Comprehending Appraisals

Getting a house can be the most significant transaction some people might ever encounter. Whether it's where you raise your family, a second vacation home or an investment, the purchase of real property is a complex transaction that requires multiple people working in concert to make it all happen.

The majority of the parties involved are very familiar. The real estate agent is the most familiar face in the transaction. Then, the mortgage company provides the money required to fund the exchange. And ensuring all details of the sale are completed and that the title is clear to transfer from the seller to the buyer is the title company.

To learn more about appraising, click here to see a short video or call us today to talk about your specific property.

So, who's responsible for making sure the real estate is worth the amount being paid? In comes the appraiser. We provide an unbiased opinion of what a buyer could expect to pay — or a seller receive — for a parcel of real estate, where both buyer and seller are informed parties. A licensed, certified, professional appraiser from Morris Appraisal, Inc. will ensure, you as an interested party, are informed.

The inspection is where an appraisal starts

To ascertain the true status of the property, it's our duty to first complete a thorough inspection. We must actually see aspects of the property, such as the number of bedrooms and bathrooms, the location, amenities, etc., to ensure they really are there and are in the shape a typical person would expect them to be. To make sure the stated size of the property has not been misrepresented and describe the layout of the house, the inspection often includes creating a sketch of the floorplan. Most importantly, we identify any obvious features - or defects - that would have an impact on the value of the property.

After the inspection, an appraiser uses two or three approaches to determining the value of the property: paired sales analysis and, in the case of a rental property, an income approach.

Cost Approach

Here, we pull information on local building costs, labor rates and other factors to figure out how much it would cost to build a property comparable to the one being appraised. This value often sets the maximum on what a property would sell for. It's also the least used predictor of value.

Analyzing Comparable Sales

Appraisers are intimately familiar with the subdivisions in which they appraise. They thoroughly understand the value of particular features to the residents of that area. Then, the appraiser researches recent transactions in close proximity to the subject and finds properties which are 'comparable' to the property being appraised. Using knowledge of the value of certain items such as square footage, additional bathrooms, hardwood floors, fireplaces or view lots (just to name a few), we adjust the comparable properties so that they more accurately match the features of subject.

  • For example, if the comparable has an extra half bath that the subject doesn't, the appraiser may deduct the value of that half bath from the sales price of the comparable.
  • However, if the subject property has an extra half-bathroom and the comparable does not, the appraiser might add a certain amount to the comparable property.

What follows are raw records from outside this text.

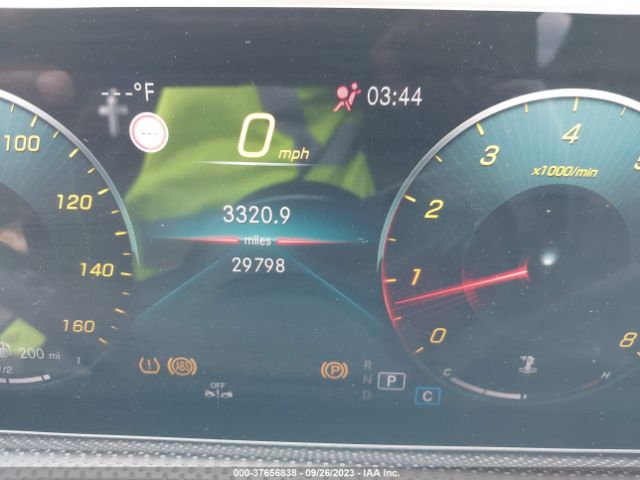 WDD3G4EB8KW003440 Mercedes-Benz A-class A 220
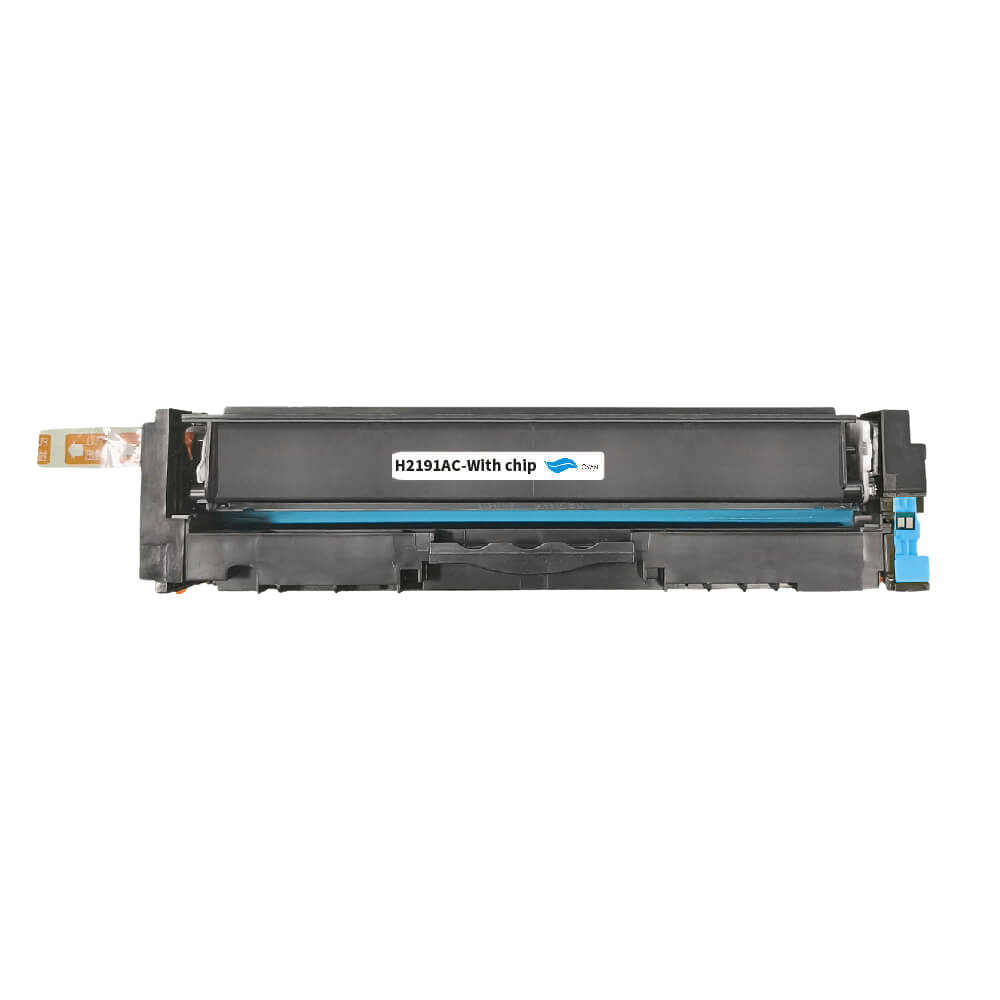 W2191A HP 219A cyan toner - 1200 sider - Kompatibel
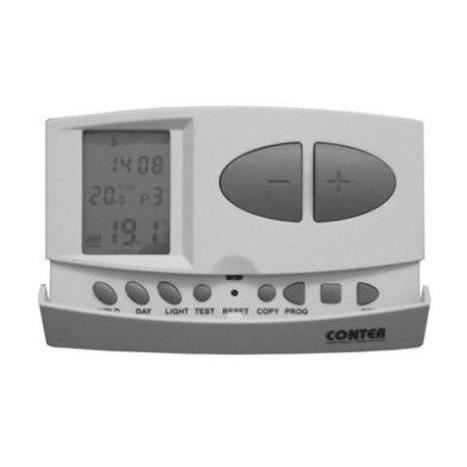 Termostat de ambient CONTER CT7S cu fir 90823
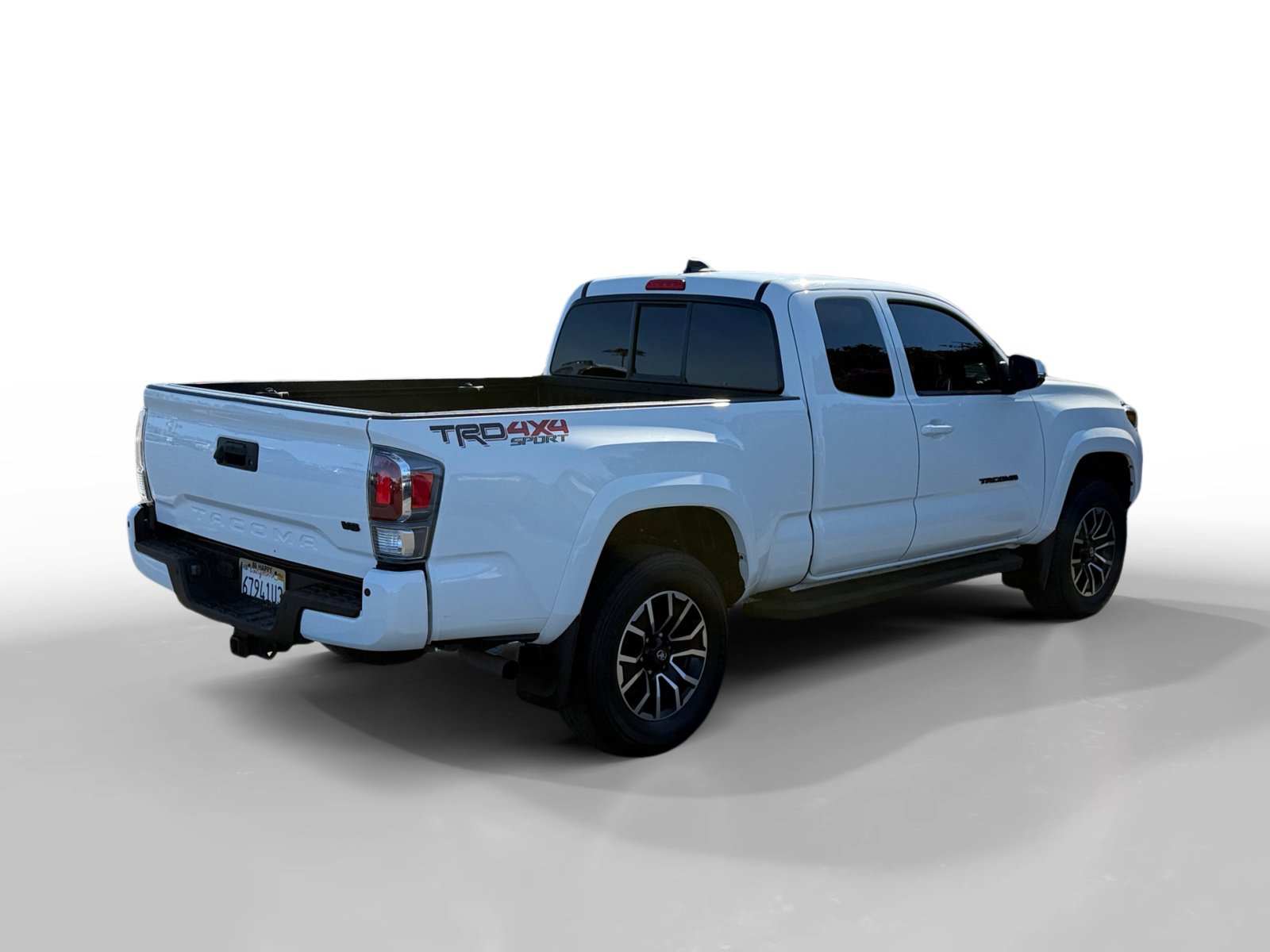 2023 Toyota Tacoma TRD Sport photo 5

In the end, the appraiser reconciles the adjusted sales prices of all the comps and then derives an opinion of what the subject could sell for. When it comes to associating a value with features of homes in Encino and Los Angeles, Morris Appraisal, Inc. is second to none. The sales comparison approach to value is commonly awarded the most importance when an appraisal is for a home purchase.

Valuation Using the Income Approach

A third way of valuing a house is sometimes applied when a neighborhood has a measurable number of renter occupied properties. In this case, the amount of income the real estate produces is factored in with other rents in the area for comparable properties to determine the current value.

The Bottom Line

Combining information from all approaches, the appraiser is then ready to state an estimated market value for the subject property. The estimate of value on the appraisal report is not necessarily what's being paid for the property even though it is likely the best indication of what a property is worth. Depending on the specific circumstances of the buyer or seller, their level of urgency or a buyer's desire for that exact property, the closing price of a home can always be driven up or down.Regardless, the appraised value is often employed as a guideline for lenders who don't want to loan a buyer more money than the property is actually worth. The bottom line is, an appraiser from Morris Appraisal, Inc. will help you discover the most fair and balanced property value, so you can make wise real estate decisions.